If you are a fan of Mexico like I am, do not miss this new show at Institut Culturel du Mexique where Eduardo Zamora (b.1942) is showing his latest paintings including “The Elephant’s strike in Paris” painted last year. They are a mix of religious and erotic images (far from his earlier abstract works) set in a poetic rural landscape with the Mexican sense of illusion and darkness of life. His world is immediately overpowering and for a half hour you live in a different atmosphere, almost feeling the warmth of the country while you know that all of these canvases were painted in France from memory.
Zamora was born on the Texan border in Nuevo Laredo and trained at UNAM in Mexico city. He travelled to Madrid at 16 and toured around Europe. He was back in Tepoztlan at the time of the 1968 contest movements and worked as a copyist of Diego Rivera and Jose Clemente Orozco’s frescoes. His work is very reminiscent of the surrealist fantastic paintings by Leonora Carrington. After winning a scholarship to study in Cracovia, at the Academy of Graphic arts, where he met his French wife Françoise Passot, he decided to move to Paris with her after spending some time in Mexico. There, he became one of the most active latino American artists and created the group Magie-Image with Saúl Kaminer, an architect who was a close friend of Roberto Matta. He has lived in Paris and Burgundy since.

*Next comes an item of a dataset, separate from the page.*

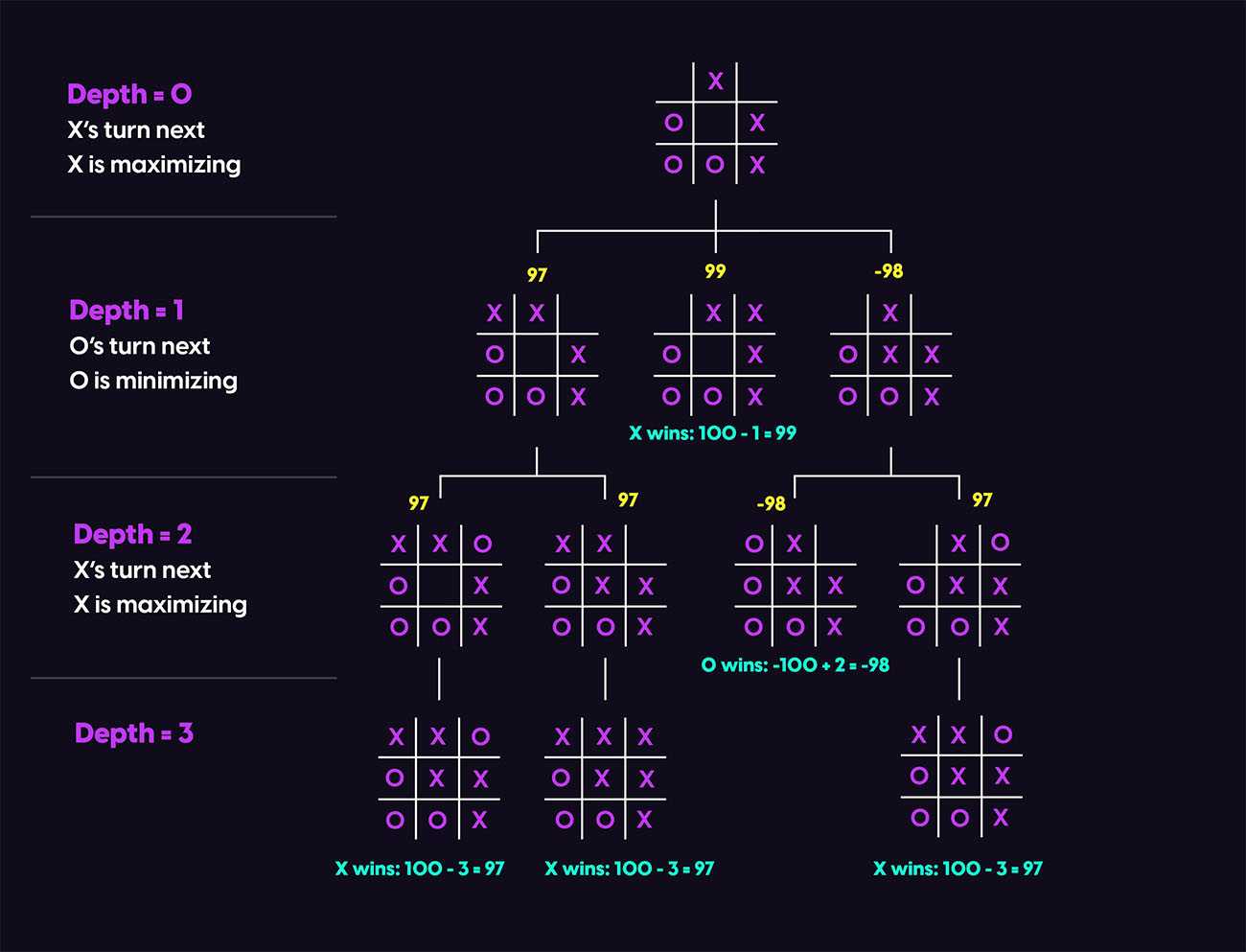 Tic-Tac-Toe AI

When I asked him over the phone what he meant by “Laundry washing” at the Virgin’s, he described angels cleaning the Virgin’s house and himself lying drunk on the bed. He also said he did not always have an answer to what his canvases were all about. He is not religious but because of all the religious cultures of Mexico, he is naturally inspired by stories from the Bible and from the Indians.

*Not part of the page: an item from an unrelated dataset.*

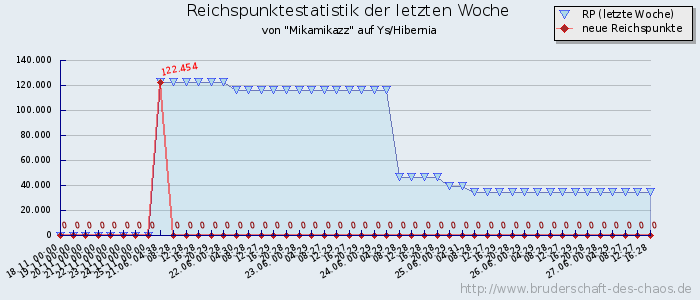 Reichspunktestatistik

Most works include a couple in love (he admits to being genetically faithful to his wife of fifty years), but there are two “St Antony’s temptation”, where the saint is living his hallucinations which are quite intriguing as well as “The Encounter with the Devil”, a very surrealistic vision. In the “Hand of God”, painted after his son died at 27, the hand belongs to a gorilla. I enjoyed the “Taxi”, painted in 2022, of a giant man hailing a tiny taxi running way below him. This is such a frustrating daily act in Paris nowadays… A painting of emigrants representing them in an enclosed path with their suitcases and observed by the public, and tree branches on their back is very actual also.

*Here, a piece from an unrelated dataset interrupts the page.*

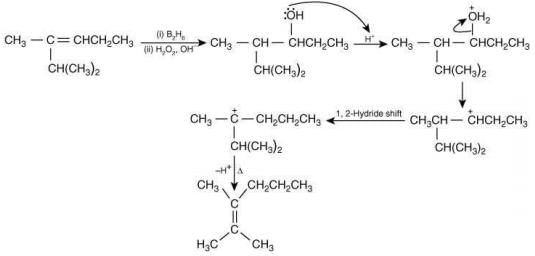 JEE Main Previous Year Questions (2016- 2025): Hydrocarbons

So what unites the different themes of vernacular life and more mystic images is the style full of animals and objects, flying angels and fishes and the sizes of characters. A tiny sardine will be flying over a large dog in Burgundy while large elephants invade Paris. The sardines are an allusion to grilled sardines over lunch with his in-laws who have houses near Rully, the excellent wine which he likes. Each image gives you hundreds of interpretations to search for and you are transported on another planet. “The Cage” could be an allegory of marriage with a young couple holding hands. He personally “adores” the ambiguity which remains in each painting, her class it that grace of the work. The image is there to translate his inner feelings.
The ace of spades is the representation of death about which he says “I am indifferent to death, I despise it”. H wishes his work would help correct injustices and dramas. “I hate what is happening in Ukraine, I would like to bite the culprits with my teeth… I like to paint works which raise questions”. His family the Zamoras are from Spanish ascent but he is often taken I Paris for Arab or a Jew, never for a Mexican… Now that he has lived far longer in France than in his own country, he feels more clearly about Mexico through the people he meets in Paris. And I wonder if it is a coincidence that his studio is on rue Marcel Duchamp?
The Mexican Institute is a pretty place at 119 rue Vieille du Temple, in the Marais and is open every day. Until April 4.